51 (This prophecy that Jesus was destined to die[u] for the Jewish people didn’t come from Caiaphas himself, but he was moved by God to prophesy as the chief priest. 52 And Jesus’ death would not be for the Jewish people only, but to gather together God’s children scattered around the world and unite them as one.)[v] 53 So from that day on, they were committed to killing Jesus.

54 For this reason Jesus no longer went out in public among the Jews. But he went in the wilderness to a village called Ephraim,[w] where he secluded himself with his disciples.

55 Now the time came for the Passover preparations, and many from the countryside went to Jerusalem for their ceremonial cleansing before the feast began. 56 And all the people kept looking out for Jesus, expecting him to come to the city. They said to themselves while they waited in the temple courts, “Do you think that he will dare come to the feast?” 57 For the leading priests and the Pharisees had given orders that they be informed immediately if anyone saw Jesus, so they could seize and arrest him.


  1. 11:7 Or “Judea.”
  2. 11:9–10 Jesus used a parable to respond to why he was not afraid to go where his life could be in danger. This is more than the sun, but “the One who gives light to the world.”
  3. 11:11 Jesus was stating an obvious euphemism. Lazarus “sleeping” means that he has died. To “awaken” him means that Jesus would raise him from the dead.
  4. 11:16 It is likely that Thomas was expressing pessimism about the fate of Jesus going back into the region where he was threatened with death.
  5. 11:19 Or “Jews.”
  6. 11:24 Or “at the last day.”
  7. 11:25 The words I am in the Aramaic are a clear statement of Christ’s deity: “I am the living God, the Resurrection and the Life!”
  8. 11:25 The Aramaic uses a word that is related linguistically to the name Noah, who was symbolically “resurrected” from the flood as the life-giver to those who repopulated the earth. Resurrection is superior to life, for life can be defeated and ended. But resurrection overcomes. Life is the power to exist, but resurrection is the power to conquer all, even death itself. Believers must learn to live in Christ our Life, but also, Christ our Resurrection to conquer all things.

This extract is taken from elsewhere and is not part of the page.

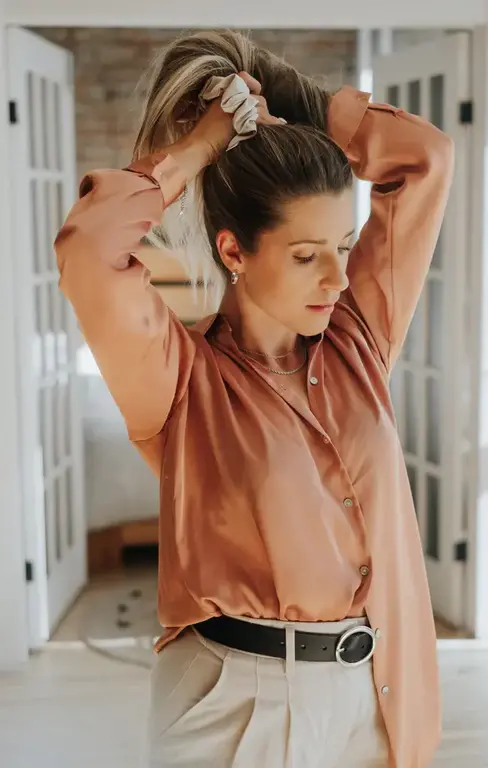 SOHA CHOUCHOU EN SATIN - CHAMPAGNE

See Phil. 3:10.
  9. 11:26 This is very emphatic in the Greek, “never die forever!”
  10. 11:26 John presents Jesus as the great Savior who saves us from sin (John 8), blindness (John 9–10), and death (John 11).
  11. 11:28 This is one of the most beautiful things that ever could be said to you: “The Master is here and he’s asking for you.” Mary’s response must be ours: “she quickly went off to find him” (v. 29).

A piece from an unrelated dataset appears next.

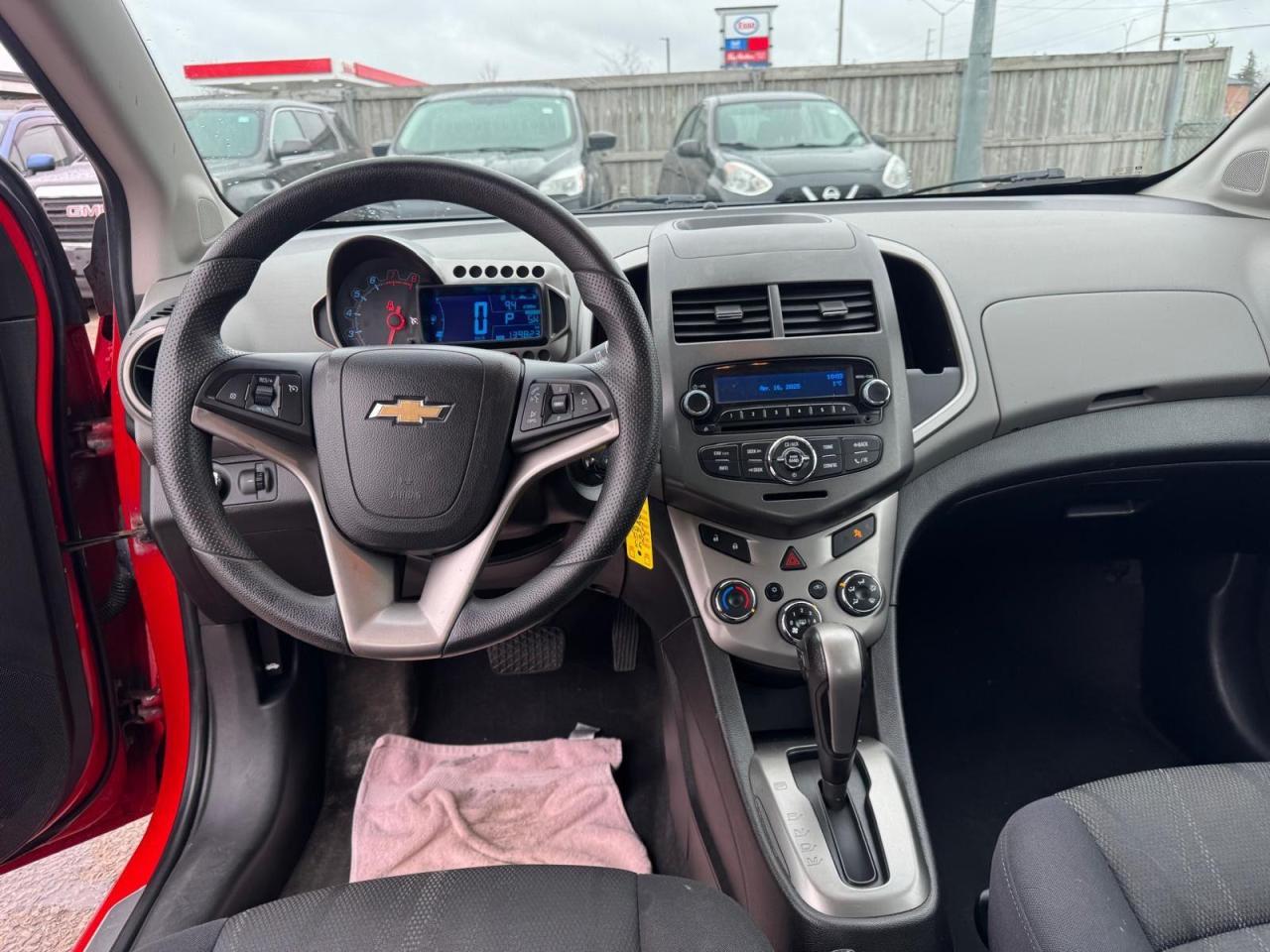 2012 Chevrolet Sonic LT, AUTO, 4 CYL, ONLY 139KMS, RUNS WELL, AS IS - Photo #12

  12. 11:31 The Aramaic is “Mary’s friends who loved her.”
  13. 11:33 The Greek word used here (enebrimēsato) can also mean “indignant and stirred with anger.” Was he angry at the mourners? Not at all. He was angry over the work of the devil in taking the life of his friend, Lazarus. The Aramaic, however, has no connotation of indignation, only tenderness and compassion (lit. “his heart melted with compassion”).

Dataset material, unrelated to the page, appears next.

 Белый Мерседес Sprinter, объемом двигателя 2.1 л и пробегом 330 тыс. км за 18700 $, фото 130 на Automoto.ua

  14. 11:36 The Aramaic is “how much mercy he felt for Lazarus.”
  15. 11:40 Or “you would see the glory of God.”
  16. 11:41 Resurrection power is released when we give thanks to God. Jesus stood at Lazarus’ tomb and gave thanks, then commanded him to arise. Giving thanks to God has more power than you can ever imagine. Have you stopped to thank God yet today?
  17. 11:44 Burial customs in the ancient Near East were to wrap the corpse in white cotton cloths from the neck to the feet. The head was then covered with a large handkerchief.
  18. 11:45 Or “Jews.”
  19. 11:47 Or “the Sanhedrin.” This was the Great Sanhedrin, equivalent to a Jewish court, which would be comprised of seventy men who would judge Jewish religious matters.
  20. 11:48 As translated from the Aramaic. The Greek is translated “our place [position] and our nation.” “Our place” could refer to the temple.
  21. 11:51 As translated from the Aramaic.
  22. 11:52 See Isa. 49:6.
  23. 11:54 The Aramaic can be translated “the fortress city of Ephraim” or “the mill called Ephraim.” Ephraim means “double fruitfulness.” Some believe this location is the present town of Et-Taiyibeh, which would make it about fourteen miles (twenty-two kilometers) northeast of Jerusalem.